Carey means to debunk several myths, including the idea that there is some essence or set of criteria that identifies what is art. He argues that attempts to identify a sub-set of ‘genuine’ artworks are premised on the assertion that one person's feelings are more valuable than another’s. Carey dismisses this, arguing we cannot know another person's feelings and that in any case, ranking feelings in terms of their value is arbitrary: ultimately, just a matter of how you feel. Art, Carey thinks, is just what the individual thinks to be art (question: do people—including ordinary members of the public looking at an exhibition—think that judging artworks is judging people's feelings? Carey does not consider ontology of art; in fact, the opening of the book implies that realism here—and in ethics—would have to be a ‘religious’ matter).

If Carey is right, we cannot rank art at all as art, which I find hard to square with our ideas and practices of artistic growth and development. For example, I know a composer who moved from writing pleasant, derivative tunes to developing an independent and quite revolutionary voice. I can describe this change best in terms that are neither purely factual nor simple reflection of my own feelings: I can best discuss his growth and improvement as a creative artist within the terms of the art of music. Carey would presumably try to reduce the musicology here, like the artworks themselves, to fact or to taste. He is a nominalist about art: there are no universals, only individual artworks made so by individuals’ reactions and decisions. He does not offer a theoretical argument: true nominalist, he simply says without criticism ‘this is what has happened: people now call “art” whatever they feel like.’

He does not take a position on whether someone can describe something as art without first having a concept or idea of art. He might say that the concept of art too is personal—which may be true in the sense that it is personal to me, my concept, but hardly in the sense that its content is entirely personal to me. We hold the concepts we do because of our beliefs about the truth, not because we feel like holding these concepts. Anyone who says they ‘just feel like’ holding a certain concept of art, or of anything else, isn’t accurately and fully describing what they do when they think conceptually.

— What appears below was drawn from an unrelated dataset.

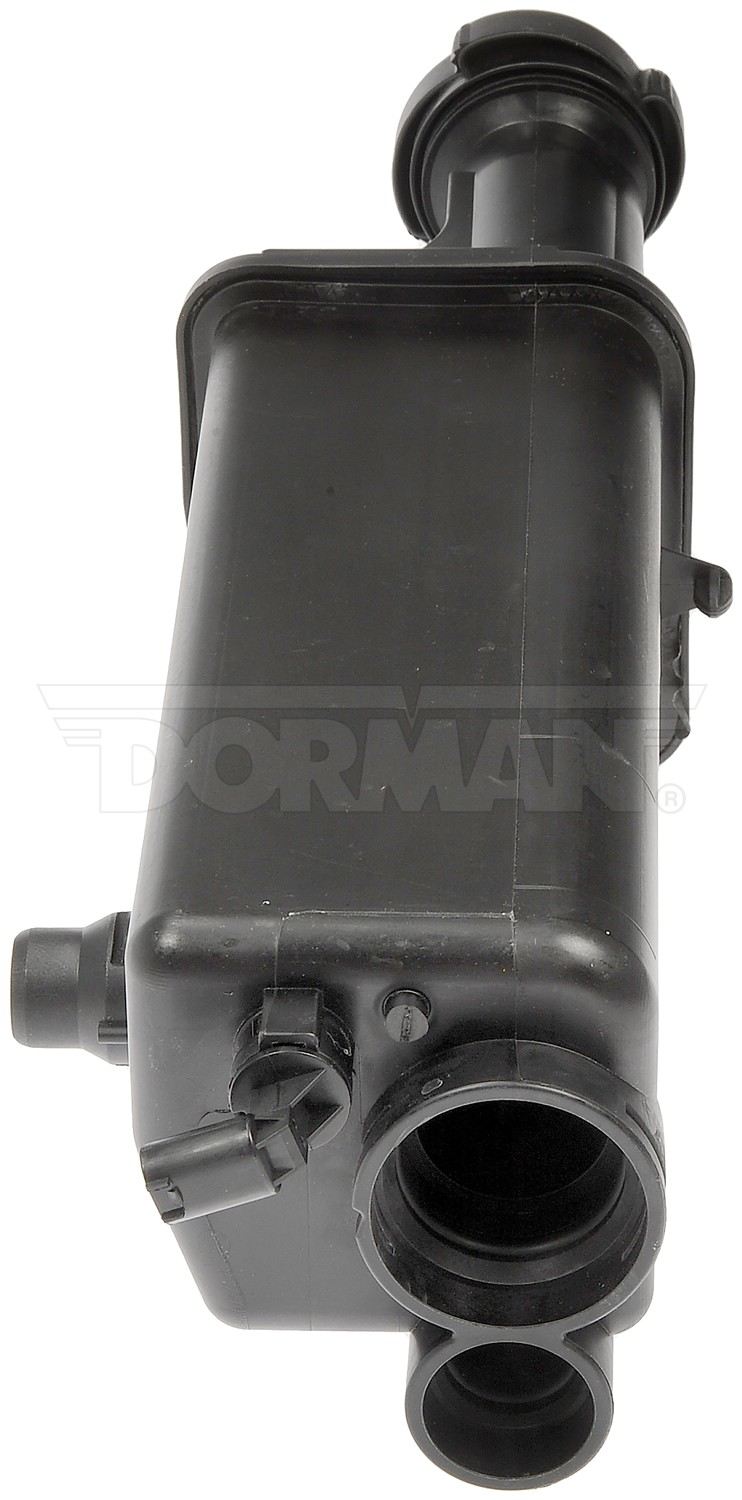 Dorman - OE Solutions Engine Coolant Reservoir Pressurized for 2008-03 BMW Z4 603-659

Carey is strongly empiricist (p. 174: ‘we cannot talk of truth and falsehood except where proof is available…’). He calls often—and often rightly—for evidence, tests, surveys before we can make claims about what ‘people’ think about art. But individuals are rarely the (sole) authorities for their own responses. We can’t settle complex issues just by piling up testimonial evidence. What matters too is the thinking and reasons behind people's testimonies—the meaning of this evidence—and this calls for careful, including non-empirical, analysis. Carey may well have demonstrated that we lack today a theory of art that is popularly acceptable, yet people (me, for one) may still react as if we do have this theory, or at least could have. Perhaps a good theory of art is still to be sought; perhaps it exists elsewhere than in the enlightenment and post-enlightenment aestheticians Carey reviews.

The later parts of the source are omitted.